Our thesis is based on the observation that the right to permanent sovereignty over natural resources (PSNR) in occupied and non-self-governing territories is disregarded by a number of actors on the international scene; some of these actors, however, claim to be committed to the norms of international law. Two hypotheses are put forward to explain this dilemma: either the right to PSNR has not yet been affirmed as a positive rule of international law applicable to occupied and non-self-governing territories, or the right to PSNR is rooted in international law but has not yet been effectively applied in these territories due to a lack of adequate monitoring mechanisms.
Regarding the question of whether the right to PSNR is a rule of positive international law, our review indicates that the right’s legal basis has profoundly changed the legal framework regulating the exploration and exploitation of natural resources in occupied and non-self-governing territories. An examination of the effectiveness of the right’s application required an inventory of natural resource exploration and exploitation activities in a sample of these territories. Collected data reinforce the presumption that the right to PSNR is difficult to apply there.

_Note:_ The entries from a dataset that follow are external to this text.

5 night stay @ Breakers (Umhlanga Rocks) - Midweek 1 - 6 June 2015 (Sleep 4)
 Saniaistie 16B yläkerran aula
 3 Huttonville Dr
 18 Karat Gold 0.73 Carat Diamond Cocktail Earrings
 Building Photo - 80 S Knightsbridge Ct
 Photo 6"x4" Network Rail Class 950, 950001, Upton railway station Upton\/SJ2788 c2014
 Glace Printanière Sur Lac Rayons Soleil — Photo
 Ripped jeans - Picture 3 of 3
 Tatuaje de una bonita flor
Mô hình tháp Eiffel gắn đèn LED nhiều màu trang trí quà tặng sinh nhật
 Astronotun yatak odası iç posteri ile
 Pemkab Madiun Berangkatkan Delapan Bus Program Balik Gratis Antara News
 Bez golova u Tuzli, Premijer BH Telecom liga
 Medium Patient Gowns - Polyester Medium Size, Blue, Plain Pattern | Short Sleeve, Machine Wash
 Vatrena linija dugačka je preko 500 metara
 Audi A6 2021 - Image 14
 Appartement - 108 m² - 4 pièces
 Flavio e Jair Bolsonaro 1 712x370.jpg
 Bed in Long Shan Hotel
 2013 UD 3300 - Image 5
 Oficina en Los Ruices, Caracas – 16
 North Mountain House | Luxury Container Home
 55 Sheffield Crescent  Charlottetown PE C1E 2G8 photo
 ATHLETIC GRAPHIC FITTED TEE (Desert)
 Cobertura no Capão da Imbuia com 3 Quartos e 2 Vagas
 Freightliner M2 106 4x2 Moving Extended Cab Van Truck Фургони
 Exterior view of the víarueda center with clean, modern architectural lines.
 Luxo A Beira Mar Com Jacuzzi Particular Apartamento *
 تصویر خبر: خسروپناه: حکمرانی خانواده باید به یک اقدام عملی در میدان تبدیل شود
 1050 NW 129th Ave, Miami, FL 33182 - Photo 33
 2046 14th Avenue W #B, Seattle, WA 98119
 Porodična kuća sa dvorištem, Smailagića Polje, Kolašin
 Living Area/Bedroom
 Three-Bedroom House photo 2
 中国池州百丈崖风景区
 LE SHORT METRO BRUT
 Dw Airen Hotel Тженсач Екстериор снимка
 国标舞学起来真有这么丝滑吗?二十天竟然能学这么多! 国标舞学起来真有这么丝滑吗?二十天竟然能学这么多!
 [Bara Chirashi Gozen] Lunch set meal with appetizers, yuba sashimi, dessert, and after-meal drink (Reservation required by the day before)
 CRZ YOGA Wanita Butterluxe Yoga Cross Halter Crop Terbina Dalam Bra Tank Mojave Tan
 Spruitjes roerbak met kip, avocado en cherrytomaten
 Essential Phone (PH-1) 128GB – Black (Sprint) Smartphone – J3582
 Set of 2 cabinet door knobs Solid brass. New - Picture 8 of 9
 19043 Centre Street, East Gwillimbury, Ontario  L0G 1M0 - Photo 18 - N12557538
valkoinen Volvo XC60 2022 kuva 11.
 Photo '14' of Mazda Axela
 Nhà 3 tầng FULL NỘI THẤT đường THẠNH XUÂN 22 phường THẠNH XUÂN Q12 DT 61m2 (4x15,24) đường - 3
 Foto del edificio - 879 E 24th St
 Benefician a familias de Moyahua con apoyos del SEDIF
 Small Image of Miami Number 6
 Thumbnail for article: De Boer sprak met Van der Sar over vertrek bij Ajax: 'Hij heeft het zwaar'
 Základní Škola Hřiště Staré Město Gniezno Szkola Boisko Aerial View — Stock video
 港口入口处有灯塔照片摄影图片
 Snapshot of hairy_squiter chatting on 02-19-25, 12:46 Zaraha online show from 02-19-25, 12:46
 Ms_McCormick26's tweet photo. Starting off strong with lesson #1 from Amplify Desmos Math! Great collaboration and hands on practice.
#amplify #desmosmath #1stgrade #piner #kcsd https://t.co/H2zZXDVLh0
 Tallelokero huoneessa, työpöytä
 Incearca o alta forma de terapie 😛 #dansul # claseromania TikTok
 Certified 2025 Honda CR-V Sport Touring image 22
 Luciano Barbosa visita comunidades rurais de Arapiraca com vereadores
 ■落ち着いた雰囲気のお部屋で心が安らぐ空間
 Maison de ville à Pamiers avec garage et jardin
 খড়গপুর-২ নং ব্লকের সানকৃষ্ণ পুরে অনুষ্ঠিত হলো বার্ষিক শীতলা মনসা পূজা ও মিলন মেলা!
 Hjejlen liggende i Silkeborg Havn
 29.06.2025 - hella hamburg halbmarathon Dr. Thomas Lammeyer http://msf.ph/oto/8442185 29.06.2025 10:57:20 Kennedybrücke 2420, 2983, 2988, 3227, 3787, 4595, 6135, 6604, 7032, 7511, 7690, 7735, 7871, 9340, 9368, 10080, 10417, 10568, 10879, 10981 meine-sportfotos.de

Efforts by international organizations to monitor and implement the right to PSNR in occupied and nonself-governing territories have been limited. The right’s effective application is further undermined by a lack of jurisdictional mechanisms against companies’ illegal exploitation of natural resources. An examination of the role of certain NGOs and investment funds in monitoring and implementing the right to PSNR suggests that these private actors can effectively encourage implicated companies to cease illegal activity; however, their role alone does not compensate for the lack of mechanisms put in place by public actors (states and international organizations).